Time for local NHS leaders to take a first step in tackling poverty: pay staff the real Living Wage
The NHS England framework for tackling health inequalities turns the spotlight on the 20 per cent most deprived communities within each integrated care system. They are the core group in the Core20plus5 approach. Recognising that 12 million people – a fifth of the population – live in relative poverty, the majority of them in working households, it is impossible to tackle health inequalities without alleviating poverty and its consequences.
That is why poverty is ‘Core’. It cannot be avoided when addressing need, or addressed just through disease symptoms. This blog is about one simple step organisations can take – a trust, a practice, and indeed an ICS, needs to ask itself, why not?
12 million people – a fifth of the population – live in relative poverty, the majority of them in working households...
'Poverty is not a lack of character, it is a lack of cash’. But a lack of money has health consequences. Shafir and Mullainathan explore how a scarcity mentality restricts and dictates much else in our lives, impacting the choices we make and the behaviours that follow. If it took three-quarters of your income to follow the NHS healthy eating guideline, would you? Choice needs agency.
Poverty, like other symptoms of exclusion, is othered. It happens to other people. Not to leaders, and not to ‘us’. In the case of poverty, we often think in terms of part of the community, an estate or ‘benefits street’. Darren McGarvey writes about how when thinking about how to address poverty one ‘takes a safari’ in this other world; visiting safely, knowing that one can leave. But within the NHS you cannot leave, as poverty is inside the service, not simply in communities as a determinant of demand.
NHS organisations ask what they can do to alleviate poverty. A year ago, my colleagues published their work on the role of the NHS in addressing poverty. This set out three roles for local partners – awareness, action and advocacy. Sometimes the array of options stands in the way of action. There is plenty that can done, and much to be learnt from those anchoring at scale and pace. But there is a first step much closer to home because there is poverty in pay scales too leading to debt, insecure housing, barriers to educational access for young children. Universities, local government, and small parts of the NHS have begun to change this, applying the flexibilities in national pay agreements to their local circumstance.
To pay more to those at the bottom of wage scale – disproportionately female staff (almost 60 per cent of low-paid employees are female and the proportion in the NHS is higher) – will cost more each month. But the pay problem faced by many organisations lies in staffing vacancies, turnover, and sickness, then compensated for in overtime or agency staffing. These staffing gaps correlate to poor pay and the choices of work that that dictates. This means that cost of raising the wages of the lowest paid has a return on investment. In most trusts the gross annual change will be in low six figures. In primary care, low pay among front-of-house staff is widespread. Systems will need to think about how to fairly change that. The NHS needs to act locally regardless of sector. Employees face a cost-of-living crisis in the months ahead if organisations don’t take action.

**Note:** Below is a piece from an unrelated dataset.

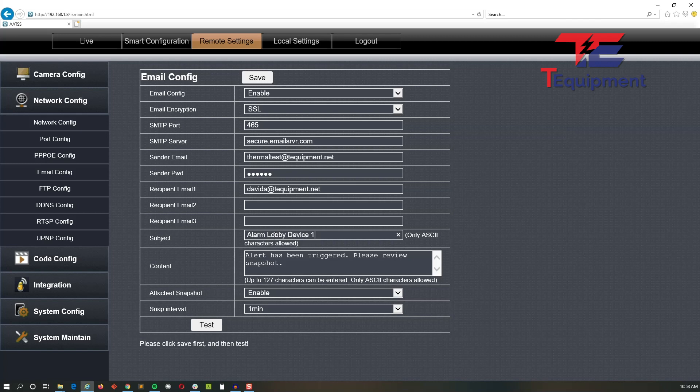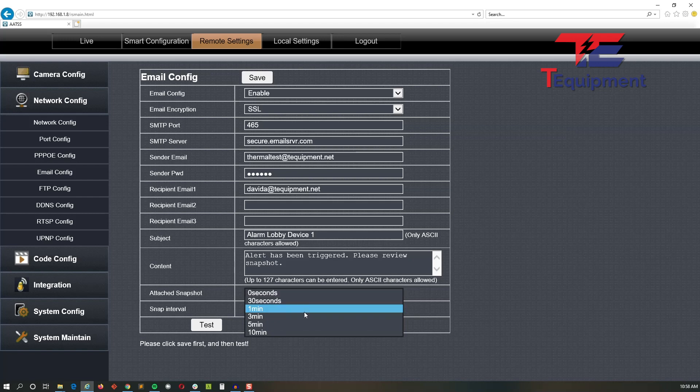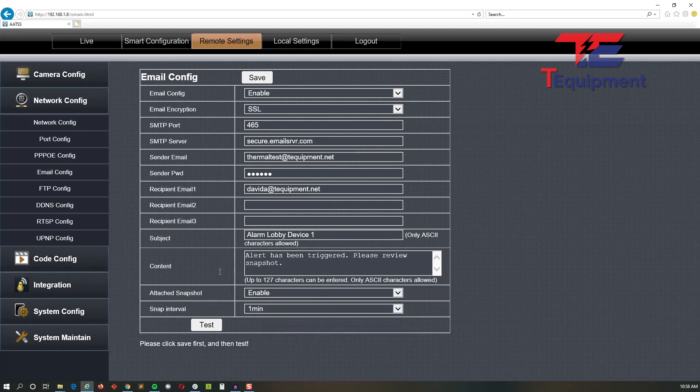These by default are enabled and set to one minute. Those are okay to accept, however you can change the settings for your snap intervals. I'm going to go ahead and click save here. Make sure that you click save first before doing the test. There's a little reminder underneath it just in case.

Employees face a cost-of-living crisis in the months ahead if organisations don’t take action.
The real Living Wage is a figure that changes annually. It differs from the National Minimum Wage and National Living Wage because it is based on the cost of living, not average earnings. NHS pay scales at and below Band 2 spine point 3 do not reach it. In simple terms the NHS is paying a wage that does not support an employee’s needs – a difference of more than £1,000 a year between the real Living Wage and what a low-paid employee earns each year. Changing this now comes with a simple how-to step-by-step guide.
Eighty-three NHS bodies, including 24 trusts, have signed up to being real Living Wage employers. 131 local authorities have fully adopted the standard, and Birmingham has just been recognised as a Living Wage City. Even in the austerity of the care sector, home care and care home vacancies, there are places accepting that you cannot build retention or workplace attendance, infection control behaviours or personal development on insecure low pay.
60 per cent of real Living Wage employers state that it improves recruitment, quality of applicant, and retention in lower-paid roles. Many see falls in sickness absence and improvements in organisational alignment. 93 per cent see a benefit to their organisation from changing to the Living Wage. And the wider economic benefit is clear too: the dividend from a higher-wage economy would see upwards of £1.5 billion injected into the economy if just a quarter of lower-paid workers were paid the real Living Wage. In Greater Manchester the benefit is estimated at £56 million, in the West Country it would be £20 million, and in West Yorkshire £55 million. In many parts of England, after the hospitality sector, the public sector is the waged employer that could make that wider economic difference. A real down-payment on a forthcoming ‘levelling up’ ambition for the NHS.
To look justly at poverty in health, all NHS systems need to look clearly at their own practices and address the blind spot in their vision. A few have. Many still can. If you are unsure what to do about poverty, look no further than the real Living Wage as a first step. This needs leadership on what is core business.